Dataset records
------------------------------------------------------------
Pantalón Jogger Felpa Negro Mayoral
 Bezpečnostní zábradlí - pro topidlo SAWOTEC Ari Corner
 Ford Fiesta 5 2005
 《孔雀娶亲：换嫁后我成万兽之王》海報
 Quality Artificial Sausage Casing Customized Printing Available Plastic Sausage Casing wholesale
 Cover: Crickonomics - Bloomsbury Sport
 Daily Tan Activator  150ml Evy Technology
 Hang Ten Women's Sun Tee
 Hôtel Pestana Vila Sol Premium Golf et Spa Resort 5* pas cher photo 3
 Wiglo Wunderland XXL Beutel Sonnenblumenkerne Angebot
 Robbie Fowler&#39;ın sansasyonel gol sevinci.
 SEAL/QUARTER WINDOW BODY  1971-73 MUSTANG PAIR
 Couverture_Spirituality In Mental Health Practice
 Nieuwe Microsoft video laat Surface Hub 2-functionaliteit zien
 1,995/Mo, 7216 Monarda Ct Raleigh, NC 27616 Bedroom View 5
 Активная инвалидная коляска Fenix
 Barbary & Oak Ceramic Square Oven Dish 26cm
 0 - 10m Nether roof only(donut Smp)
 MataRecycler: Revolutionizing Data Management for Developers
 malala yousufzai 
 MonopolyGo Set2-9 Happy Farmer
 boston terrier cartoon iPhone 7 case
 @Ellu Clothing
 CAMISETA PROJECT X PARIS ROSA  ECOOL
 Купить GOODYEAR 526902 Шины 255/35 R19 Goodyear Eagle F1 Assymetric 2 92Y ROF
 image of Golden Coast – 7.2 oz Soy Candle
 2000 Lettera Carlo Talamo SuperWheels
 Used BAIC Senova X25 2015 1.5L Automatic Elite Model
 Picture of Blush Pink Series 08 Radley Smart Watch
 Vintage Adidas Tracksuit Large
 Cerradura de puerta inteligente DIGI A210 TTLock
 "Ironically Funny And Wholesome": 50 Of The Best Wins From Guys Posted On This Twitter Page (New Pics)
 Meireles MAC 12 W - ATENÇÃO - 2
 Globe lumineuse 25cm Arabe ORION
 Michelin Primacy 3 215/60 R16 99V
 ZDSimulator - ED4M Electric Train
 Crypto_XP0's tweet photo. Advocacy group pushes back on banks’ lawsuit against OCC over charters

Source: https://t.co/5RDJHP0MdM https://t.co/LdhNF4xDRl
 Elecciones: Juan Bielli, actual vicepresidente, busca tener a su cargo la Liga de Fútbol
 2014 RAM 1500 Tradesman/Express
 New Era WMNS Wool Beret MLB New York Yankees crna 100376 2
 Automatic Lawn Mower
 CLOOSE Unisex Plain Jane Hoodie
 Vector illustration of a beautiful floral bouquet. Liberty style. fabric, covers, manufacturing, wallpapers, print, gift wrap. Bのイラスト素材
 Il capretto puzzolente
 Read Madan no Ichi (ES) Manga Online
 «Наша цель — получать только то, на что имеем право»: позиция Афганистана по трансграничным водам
------------------------------------------------------------
▶ Problem to work on:
Output each record exactly, leaving nothing out.

▶ Written solution:
Pantalón Jogger Felpa Negro Mayoral
 Bezpečnostní zábradlí - pro topidlo SAWOTEC Ari Corner
 Ford Fiesta 5 2005
 《孔雀娶亲：换嫁后我成万兽之王》海報
 Quality Artificial Sausage Casing Customized Printing Available Plastic Sausage Casing wholesale
 Cover: Crickonomics - Bloomsbury Sport
 Daily Tan Activator  150ml Evy Technology
 Hang Ten Women's Sun Tee
 Hôtel Pestana Vila Sol Premium Golf et Spa Resort 5* pas cher photo 3
 Wiglo Wunderland XXL Beutel Sonnenblumenkerne Angebot
 Robbie Fowler&#39;ın sansasyonel gol sevinci.
 SEAL/QUARTER WINDOW BODY  1971-73 MUSTANG PAIR
 Couverture_Spirituality In Mental Health Practice
 Nieuwe Microsoft video laat Surface Hub 2-functionaliteit zien
 1,995/Mo, 7216 Monarda Ct Raleigh, NC 27616 Bedroom View 5
 Активная инвалидная коляска Fenix
 Barbary & Oak Ceramic Square Oven Dish 26cm
 0 - 10m Nether roof only(donut Smp)
 MataRecycler: Revolutionizing Data Management for Developers
 malala yousufzai 
 MonopolyGo Set2-9 Happy Farmer
 boston terrier cartoon iPhone 7 case
 @Ellu Clothing
 CAMISETA PROJECT X PARIS ROSA  ECOOL
 Купить GOODYEAR 526902 Шины 255/35 R19 Goodyear Eagle F1 Assymetric 2 92Y ROF
 image of Golden Coast – 7.2 oz Soy Candle
 2000 Lettera Carlo Talamo SuperWheels
 Used BAIC Senova X25 2015 1.5L Automatic Elite Model
 Picture of Blush Pink Series 08 Radley Smart Watch
 Vintage Adidas Tracksuit Large
 Cerradura de puerta inteligente DIGI A210 TTLock
 "Ironically Funny And Wholesome": 50 Of The Best Wins From Guys Posted On This Twitter Page (New Pics)
 Meireles MAC 12 W - ATENÇÃO - 2
 Globe lumineuse 25cm Arabe ORION
 Michelin Primacy 3 215/60 R16 99V
 ZDSimulator - ED4M Electric Train
 Crypto_XP0's tweet photo. Advocacy group pushes back on banks’ lawsuit against OCC over charters

Source: https://t.co/5RDJHP0MdM https://t.co/LdhNF4xDRl
 Elecciones: Juan Bielli, actual vicepresidente, busca tener a su cargo la Liga de Fútbol
 2014 RAM 1500 Tradesman/Express
 New Era WMNS Wool Beret MLB New York Yankees crna 100376 2
 Automatic Lawn Mower
 CLOOSE Unisex Plain Jane Hoodie
 Vector illustration of a beautiful floral bouquet. Liberty style. fabric, covers, manufacturing, wallpapers, print, gift wrap. Bのイラスト素材
 Il capretto puzzolente
 Read Madan no Ichi (ES) Manga Online
 «Наша цель — получать только то, на что имеем право»: позиция Афганистана по трансграничным водам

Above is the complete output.